Alternate forms of exhibiting might not prioritize sight but a fuller bodymind experience, which might present very differently. There may be sound, conversation encouraged, gravelly footsteps, extensive seating—sporadic or gathered. Currently, we don't provide much seating, as we hope to allow for quicker flow, not wanting too much lingering, fearing that the space may crowd the art or each other. This is not merely aesthetic preference—it's economic logic. Museums operate under pressure to maximize throughput, to move bodies efficiently through space, to protect objects for insurance purposes, to satisfy donor expectations of order and decorum. The institutional forces that keep these spaces silent and restrictive are material, not just ideological.
It's important to distinguish between the sounds OF museums and the sounds IN museums. Sounds IN museums are curated, permitted, often literally piped in as part of artworks or audio guides. Sounds OF museums—the scrape of shoes, the whispered conversations, the bodies moving through space—are treated as noise to be minimized. This distinction reveals the power structure: institutions, and those generally White Bodies who fund them, control which sounds matter, which sounds mean, and which sounds must be suppressed. The visitor's body becomes an unwelcome sound source.
Unruly Sound: The Sonic Color Line
Noise is the "Other." We categorize "noise" as sound that is socially and culturally undesired. Jennifer Lynn Stoever describes in detail in The Sonic Color Line: "The sonic color line [also] codifies sounds linked to racialized bodies—such as music and the ambient sounds of everyday living—as 'noise,' sound is a loud and unruly 'Other.' Noise is not merely loudness measured in decibels."
Like weeds in a suburban American lawn, a beautiful yellow dandelion is undesired only because we have said so. It is just as beautiful as a rose, ecologically more nurturing of the soil, and edible. Laughter in a museum is only uncomfortable because we have made it so. We expect a visual reverence.
Sound, ambient noise in exhibition spaces—even laughter, tears, and conversation—are supposedly a distraction to our visual exploration and engagement. Sound draws our attention away from seeing and toward listening. Sound in museums becomes noise. And noise is not heard equally.

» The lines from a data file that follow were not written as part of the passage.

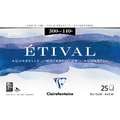 Bloc de Papier ETIVAL CLAIREFONTAINE, grain fin, 10 cm x 15 cm, 300 g/m², fin, Bloc de 25 feuilles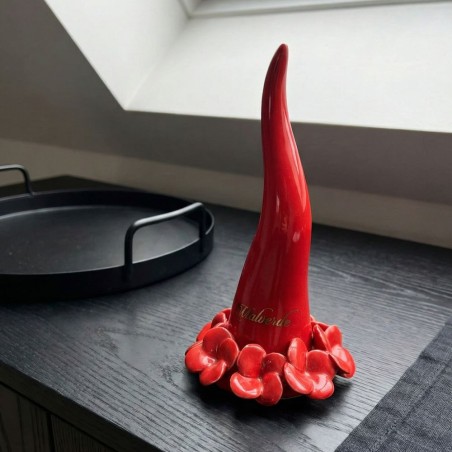 Corno portafortuna rosso in ceramica di capodimonte linea Ortensie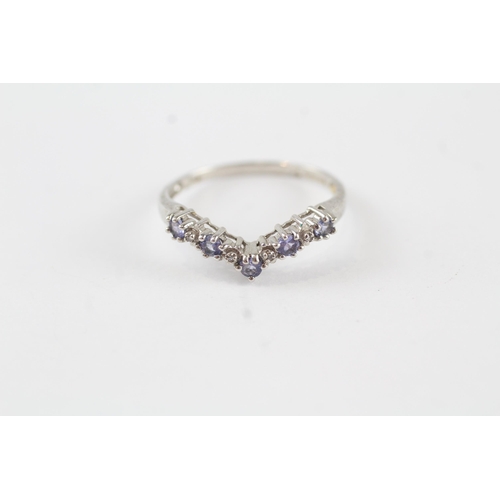 127 - 9ct gold tanzanite & diamond wishbone half eternity ring (1.7g) Size  R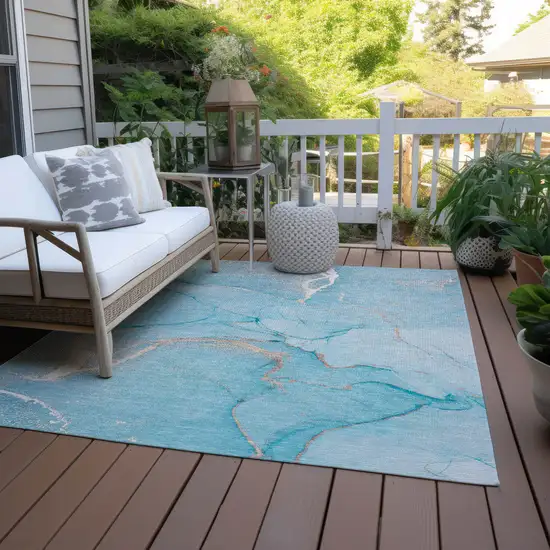 3' X 4' Teal Abstract Washable Non Skid Indoor Outdoor Area Rug Photo 8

A Black voice is unjustly heard as louder than a white one.
Stoever points out that "certain bodies are expected to produce, desire, and live amongst particular sounds." White bodies in particular expect silence, living in quieter neighborhoods, with soundproof walls, and a higher sense of the individual over the collective.

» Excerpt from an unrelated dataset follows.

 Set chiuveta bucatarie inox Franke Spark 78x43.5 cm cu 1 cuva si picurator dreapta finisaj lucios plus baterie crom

In a Westernized society in which visual categorizations remain hegemonically dominant, sound in particular becomes an unruly other, piercing the facade of civilization that rests so precariously on stacks of white canons and visual categorizations.
Noise becomes rap. It becomes laughter. It becomes whispers.
As amber jamilla musser writes: "Beyond its circulation in the sonic, noise is conceptually related to excess, abundance, and the unruly. Notably, these are terms that correlate closely with racist attempts to demean and police behavior (and, more often than not, mere existence) of people of color."
Art Moves—Movement Makes Sound
The sounds in the museum—those considered unruly or disruptive—are not only a cultural problem, but an institutional and curatorial issue. Expectations are not distributed equally. Noise becomes the monster that wakes us from the reveries of false normalcies and false neutralities.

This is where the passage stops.